Regex — The (Love|Hate) relationship

2024-11-03 #tech #regex

Close up of a Regex pattern displayed in a computer screen

Photo by Jonny Fox on Medium

Back again sitting on my chair after doing a terrible form validation for one of my assignments. I am telling it is terrible not only because it’s code smelling, it’s because I wanted to show off that I know regex.
(yes, it went bad)

First of all Regular Expressions or commonly known as Regex (reh·jeks) is a sequence of characters which are used for search patterns. Regex is widely supported in modern programming languages like Python, JavaScript, Ruby and even SQL supports it OOTB. Doesn’t sound bad right? Wait for it. When it comes to regex there are two groups. You either absolutely love regex or you want to pull your hair seeing regex in the codebase that your frenemies wrote. Why though?
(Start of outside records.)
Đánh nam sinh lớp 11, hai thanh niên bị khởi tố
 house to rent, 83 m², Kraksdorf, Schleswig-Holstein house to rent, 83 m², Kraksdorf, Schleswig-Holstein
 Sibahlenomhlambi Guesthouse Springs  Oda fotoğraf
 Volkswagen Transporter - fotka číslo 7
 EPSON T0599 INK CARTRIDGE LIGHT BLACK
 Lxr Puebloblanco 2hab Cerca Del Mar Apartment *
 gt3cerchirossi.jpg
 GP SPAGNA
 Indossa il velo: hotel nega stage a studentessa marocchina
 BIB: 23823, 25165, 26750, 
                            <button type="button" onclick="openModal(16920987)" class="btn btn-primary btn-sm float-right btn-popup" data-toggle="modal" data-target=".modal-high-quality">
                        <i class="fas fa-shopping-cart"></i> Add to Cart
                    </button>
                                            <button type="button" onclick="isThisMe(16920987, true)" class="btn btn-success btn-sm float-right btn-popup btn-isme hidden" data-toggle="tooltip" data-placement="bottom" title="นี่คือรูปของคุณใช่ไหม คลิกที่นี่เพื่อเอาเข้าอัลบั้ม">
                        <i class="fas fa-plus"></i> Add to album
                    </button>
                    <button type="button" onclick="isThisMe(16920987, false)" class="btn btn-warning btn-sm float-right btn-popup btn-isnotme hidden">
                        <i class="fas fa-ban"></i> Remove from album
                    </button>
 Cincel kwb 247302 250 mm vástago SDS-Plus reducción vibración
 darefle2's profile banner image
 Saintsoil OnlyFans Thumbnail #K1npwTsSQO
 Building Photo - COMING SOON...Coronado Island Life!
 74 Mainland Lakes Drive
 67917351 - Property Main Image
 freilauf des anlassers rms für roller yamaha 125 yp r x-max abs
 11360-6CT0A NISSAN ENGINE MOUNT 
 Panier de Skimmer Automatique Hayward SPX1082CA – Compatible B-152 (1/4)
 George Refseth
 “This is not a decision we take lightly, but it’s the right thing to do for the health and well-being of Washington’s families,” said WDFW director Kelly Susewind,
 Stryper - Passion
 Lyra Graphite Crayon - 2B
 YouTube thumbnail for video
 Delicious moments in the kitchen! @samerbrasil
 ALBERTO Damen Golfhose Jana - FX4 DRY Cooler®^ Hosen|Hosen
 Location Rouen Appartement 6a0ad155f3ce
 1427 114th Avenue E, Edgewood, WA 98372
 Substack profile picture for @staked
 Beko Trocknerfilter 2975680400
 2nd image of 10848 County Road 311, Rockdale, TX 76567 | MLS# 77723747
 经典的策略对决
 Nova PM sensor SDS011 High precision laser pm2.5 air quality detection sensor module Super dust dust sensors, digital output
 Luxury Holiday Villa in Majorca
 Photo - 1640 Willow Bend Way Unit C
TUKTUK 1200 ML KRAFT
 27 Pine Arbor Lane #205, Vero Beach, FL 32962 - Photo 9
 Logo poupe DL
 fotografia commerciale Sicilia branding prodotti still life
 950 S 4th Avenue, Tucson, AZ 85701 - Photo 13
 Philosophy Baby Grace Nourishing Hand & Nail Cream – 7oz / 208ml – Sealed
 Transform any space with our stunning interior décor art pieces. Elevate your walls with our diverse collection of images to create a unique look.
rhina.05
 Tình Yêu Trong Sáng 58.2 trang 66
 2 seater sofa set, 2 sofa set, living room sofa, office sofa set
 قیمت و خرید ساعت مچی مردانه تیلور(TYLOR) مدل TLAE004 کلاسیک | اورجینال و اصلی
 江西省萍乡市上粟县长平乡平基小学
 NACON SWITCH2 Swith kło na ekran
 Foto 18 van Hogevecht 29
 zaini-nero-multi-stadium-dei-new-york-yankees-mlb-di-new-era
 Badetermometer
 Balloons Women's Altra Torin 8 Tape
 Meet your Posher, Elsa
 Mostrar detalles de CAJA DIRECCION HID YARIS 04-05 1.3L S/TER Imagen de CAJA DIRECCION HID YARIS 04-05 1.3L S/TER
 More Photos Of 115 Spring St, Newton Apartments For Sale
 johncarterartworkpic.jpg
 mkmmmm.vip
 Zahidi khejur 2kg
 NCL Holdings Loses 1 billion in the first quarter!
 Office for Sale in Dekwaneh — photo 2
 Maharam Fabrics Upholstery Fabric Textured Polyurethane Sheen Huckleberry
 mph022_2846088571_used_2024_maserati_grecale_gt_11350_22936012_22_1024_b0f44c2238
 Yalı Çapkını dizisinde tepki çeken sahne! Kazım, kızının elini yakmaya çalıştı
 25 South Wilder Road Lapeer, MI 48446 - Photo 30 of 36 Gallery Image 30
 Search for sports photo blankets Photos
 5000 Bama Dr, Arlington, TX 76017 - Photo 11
Regex can be quite complicated cause it uses a shit ton of keywords and flags. Have a look at the following.

^(?! )[a-zA-Z0-9]*(?:[._-](?! )[a-zA-Z0-9]+)*(?<! )$|^.{3,25}$

First time? :3
Well that was a ridiculously complex pattern though there can be some occasions where you have to deal with long ass patterns.

Not only regex can be unbearably complex (if you suffer from skill issues), what if you have fat fingered one of the characters or even forgot to include one. That’s actually what happened to me.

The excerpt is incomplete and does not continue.